§ **Data segment**:
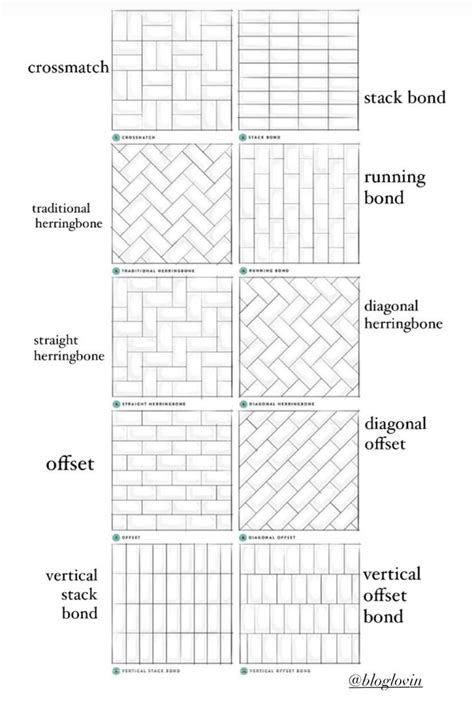 Different Floor Tile Patterns に対する画像結果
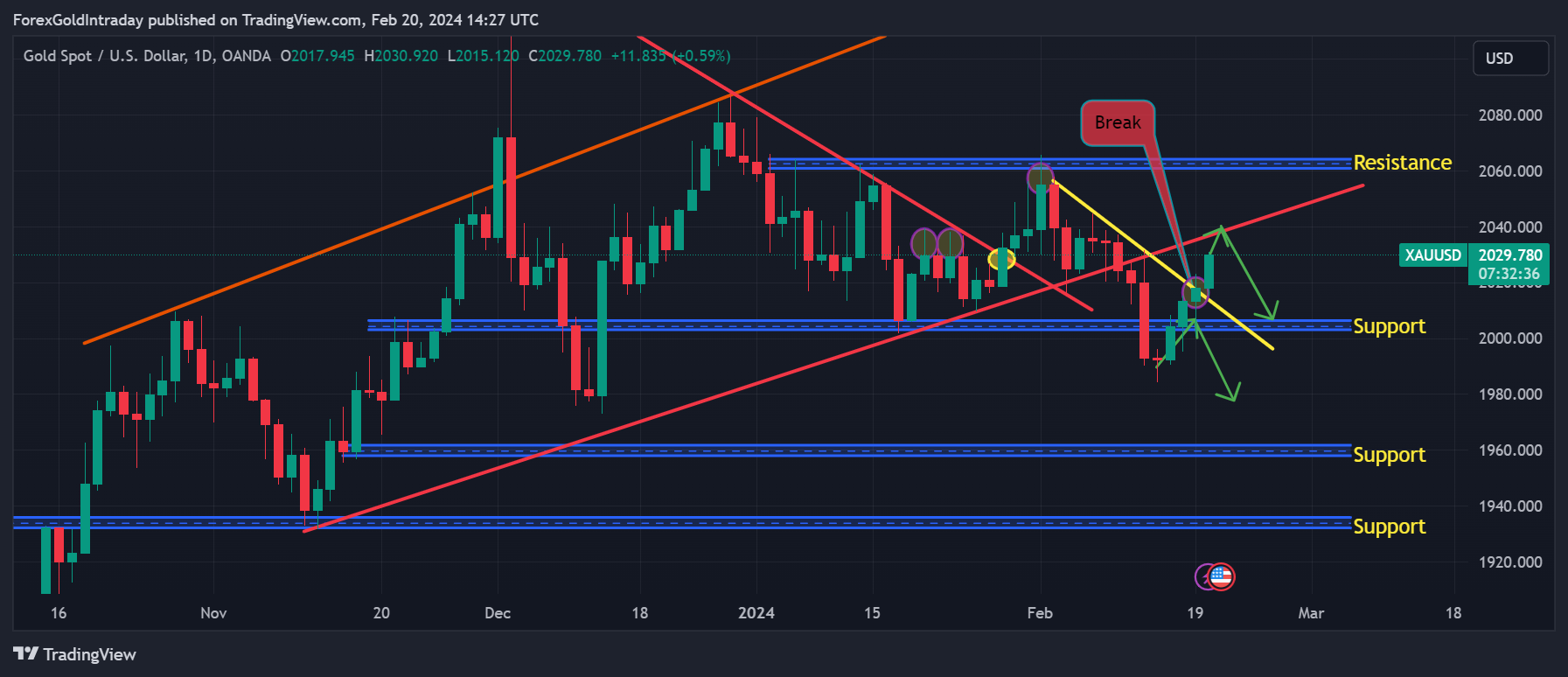 OANDA:XAUUSD Chart Image by ForexGoldIntraday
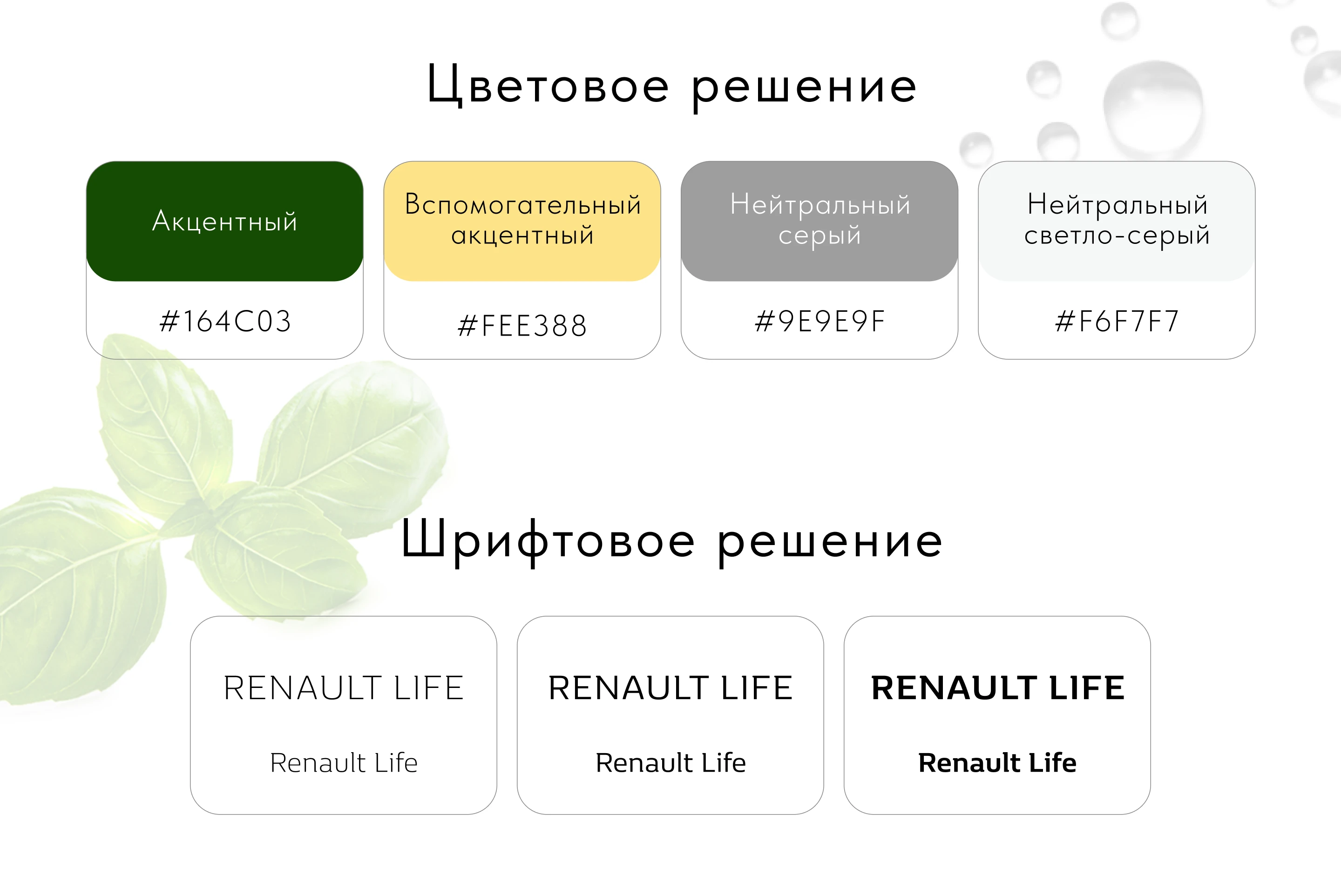 Гайд для школы нутрициологии — Изображение №3 — Маркетинг на Dprofile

§ **Assigned task**: Would you transcribe the whole listing above exactly? The pictures should not be included.

§ **Solution for this exercise**:
 Different Floor Tile Patterns に対する画像結果
 OANDA:XAUUSD Chart Image by ForexGoldIntraday
 Гайд для школы нутрициологии — Изображение №3 — Маркетинг на Dprofile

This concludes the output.